BOTH SIDES OF THE BLADE
Both Sides of the Blade (original French title: Avec Amour et Acharnement, which literally translates to “With love and fury”) reunites director Claire Denis with star Juliette Binoche after their critically lauded collaboration on the 2017 film Let the Sunshine In. The story of a passionate love triangle, the film has the 57-year-old actress playing a woman caught between two men. Sarah has been in a long and loving relationship with Jean (Vincent Lindon). One morning she runs into Francois, the boyfriend she dumped years ago for Jean. Life begins to unravel as the past intrudes into the cosy world of Sarah and Jean, whose love has stood firm all these years. The last time Denis and Binoche, two luminaries of French cinema, teamed up they created magic. Will it be any less this time around?
ALCARRAS
The young Spanish director Carla Simon earned critical plaudits with her self-reflexive debut feature Summer 1993 (2017). Alcarras, her second film, has made it to the Berlinale Competition. Summer 1993 screened in Berlin as part of the festival’s Generation section. Her return to the Potsdamer Platz is understandably piqued widespread interest. The film revolves around a family of peach farmers who work in an orchard in Alcarras, a small village in Catalonia. The owner of the estate dies and the inheritor decides to replace the peach trees with solar panels, a more lucrative business. The livelihood of the family is threatened.
NANA
Another young female director making waves is Indonesia’s Kamila Andini who earned critical acclaim for her debut, The Mirror Never Lies (2011).
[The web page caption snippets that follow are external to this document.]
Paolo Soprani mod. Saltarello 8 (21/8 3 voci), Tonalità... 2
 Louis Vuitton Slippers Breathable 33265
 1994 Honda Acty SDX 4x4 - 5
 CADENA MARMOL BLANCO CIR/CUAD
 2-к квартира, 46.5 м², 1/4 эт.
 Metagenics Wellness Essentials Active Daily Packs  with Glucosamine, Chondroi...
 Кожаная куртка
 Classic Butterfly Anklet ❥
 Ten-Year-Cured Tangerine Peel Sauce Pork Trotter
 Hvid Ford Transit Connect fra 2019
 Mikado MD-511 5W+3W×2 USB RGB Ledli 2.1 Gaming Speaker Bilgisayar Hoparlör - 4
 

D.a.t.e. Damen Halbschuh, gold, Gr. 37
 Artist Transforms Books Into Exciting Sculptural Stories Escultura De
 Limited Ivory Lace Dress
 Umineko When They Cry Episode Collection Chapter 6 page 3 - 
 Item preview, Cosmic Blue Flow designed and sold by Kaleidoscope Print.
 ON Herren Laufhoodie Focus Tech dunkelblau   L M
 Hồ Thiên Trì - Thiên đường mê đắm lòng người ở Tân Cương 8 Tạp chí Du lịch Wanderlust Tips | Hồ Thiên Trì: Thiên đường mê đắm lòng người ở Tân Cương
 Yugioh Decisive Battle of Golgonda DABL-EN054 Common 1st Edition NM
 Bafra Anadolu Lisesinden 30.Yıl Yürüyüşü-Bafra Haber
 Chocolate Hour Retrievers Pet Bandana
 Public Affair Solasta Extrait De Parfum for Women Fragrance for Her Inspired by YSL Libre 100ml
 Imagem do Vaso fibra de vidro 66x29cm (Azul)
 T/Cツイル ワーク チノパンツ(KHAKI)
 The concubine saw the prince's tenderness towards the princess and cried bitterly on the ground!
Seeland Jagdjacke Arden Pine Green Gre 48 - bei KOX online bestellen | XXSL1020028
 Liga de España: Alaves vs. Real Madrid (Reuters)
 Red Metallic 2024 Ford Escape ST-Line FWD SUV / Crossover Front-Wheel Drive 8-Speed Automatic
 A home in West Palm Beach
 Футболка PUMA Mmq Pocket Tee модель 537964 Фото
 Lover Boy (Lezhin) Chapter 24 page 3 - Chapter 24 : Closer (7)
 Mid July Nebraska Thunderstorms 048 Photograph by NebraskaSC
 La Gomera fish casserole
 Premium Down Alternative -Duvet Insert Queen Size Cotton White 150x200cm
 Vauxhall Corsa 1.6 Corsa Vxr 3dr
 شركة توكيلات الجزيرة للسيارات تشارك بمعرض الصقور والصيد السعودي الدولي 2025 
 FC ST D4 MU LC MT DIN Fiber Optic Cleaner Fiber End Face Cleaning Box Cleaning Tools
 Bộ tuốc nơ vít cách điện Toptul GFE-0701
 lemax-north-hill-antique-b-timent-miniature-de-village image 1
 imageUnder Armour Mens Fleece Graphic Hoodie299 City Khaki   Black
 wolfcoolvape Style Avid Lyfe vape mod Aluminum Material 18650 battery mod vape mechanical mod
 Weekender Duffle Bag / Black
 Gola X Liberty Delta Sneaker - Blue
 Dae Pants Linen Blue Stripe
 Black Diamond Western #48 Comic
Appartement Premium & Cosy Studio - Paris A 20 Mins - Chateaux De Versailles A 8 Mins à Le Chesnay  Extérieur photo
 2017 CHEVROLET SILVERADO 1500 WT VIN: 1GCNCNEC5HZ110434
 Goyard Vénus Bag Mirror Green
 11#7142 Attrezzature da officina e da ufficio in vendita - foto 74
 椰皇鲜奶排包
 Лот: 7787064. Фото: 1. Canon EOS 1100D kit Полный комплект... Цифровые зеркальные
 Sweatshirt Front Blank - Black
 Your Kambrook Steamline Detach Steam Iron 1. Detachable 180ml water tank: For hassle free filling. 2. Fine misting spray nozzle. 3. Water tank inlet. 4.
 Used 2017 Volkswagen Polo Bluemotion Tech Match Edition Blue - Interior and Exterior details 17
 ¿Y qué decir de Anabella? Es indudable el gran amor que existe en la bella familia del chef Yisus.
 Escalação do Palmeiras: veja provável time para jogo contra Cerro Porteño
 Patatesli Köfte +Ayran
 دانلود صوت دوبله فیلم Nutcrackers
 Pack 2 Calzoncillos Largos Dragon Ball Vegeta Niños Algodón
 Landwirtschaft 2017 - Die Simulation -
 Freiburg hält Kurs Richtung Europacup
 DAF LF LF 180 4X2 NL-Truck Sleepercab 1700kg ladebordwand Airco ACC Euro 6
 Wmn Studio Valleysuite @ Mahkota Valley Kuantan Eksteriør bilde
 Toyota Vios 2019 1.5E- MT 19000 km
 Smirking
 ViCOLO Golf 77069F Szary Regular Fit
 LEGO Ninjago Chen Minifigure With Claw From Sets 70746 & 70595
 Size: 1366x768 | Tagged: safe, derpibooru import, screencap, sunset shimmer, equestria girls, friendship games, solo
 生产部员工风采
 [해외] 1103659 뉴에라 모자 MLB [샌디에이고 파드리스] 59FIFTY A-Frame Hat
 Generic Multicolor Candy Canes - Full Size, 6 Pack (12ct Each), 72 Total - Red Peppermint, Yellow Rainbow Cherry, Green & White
Last year, her third film Yuni (2021) won the Platform Prize at the Toronto International Film Festival. Andini makes her first appearance in the Berlinale Competition with Nana, set in 1960s Indonesia. The titular character who, after losing her family to the conflicts that rocked the country, has built a new life with a wealthy Sudanese man. In spite of the love that has for her children, Nana increasingly feels out of place as memories of the past haunt her. Nana looks like another gem from the maker of the haunting Seen and Unseen.
THE NOVELIST’S FILM
If there is a film by the prolific Korean auteur Hong Sang-soo in any selection, is it even possible for it to not be on pre-festival must-watch list. The 61-year-old director, for whom this is the third successive year in berlin, has toted up nearly 20 films in the past decade. He the Silver Bear for Best Director for his 2020 Berlinale Competition entry The Woman Who Ran. In 2021, his film Introduction bagged the Silver Bear for Best Screenplay. The characters in The Novelist’s Film relocate from Seoul to the periphery of the city to reconnect with themselves and others. The black and white film, reportedly shot in two weeks outside Seoul in March last year, celebrates the beauty of chance meetings and the importance of being honest and truthful when surrounded by perfidy.
RIMINI
Ulrich Seidl is another filmmaker who cannot but be on this list. The Austrian director’s new film Rimini is in the Golden Bear Competition with a more than a fair chance of a shot at award glory. The synopsis of the film reads: Richie Bravo, once upon a time a successful pop star, chases after his faded fame in wintry Rimini. Trapped between permanent intoxication and concerts for busloads of tourists, his world starts to collapse when his adult daughter breaks into his life. She demands money from his that he doesn’t have.” The last part of Seidl’s Paradise trilogy, Paradise: Hope premiered in the Berlinale Competition in 2013. A film produced by Seidl, KurdwinAyub’sSonne, is in the Encounters section of Berlinale 2022.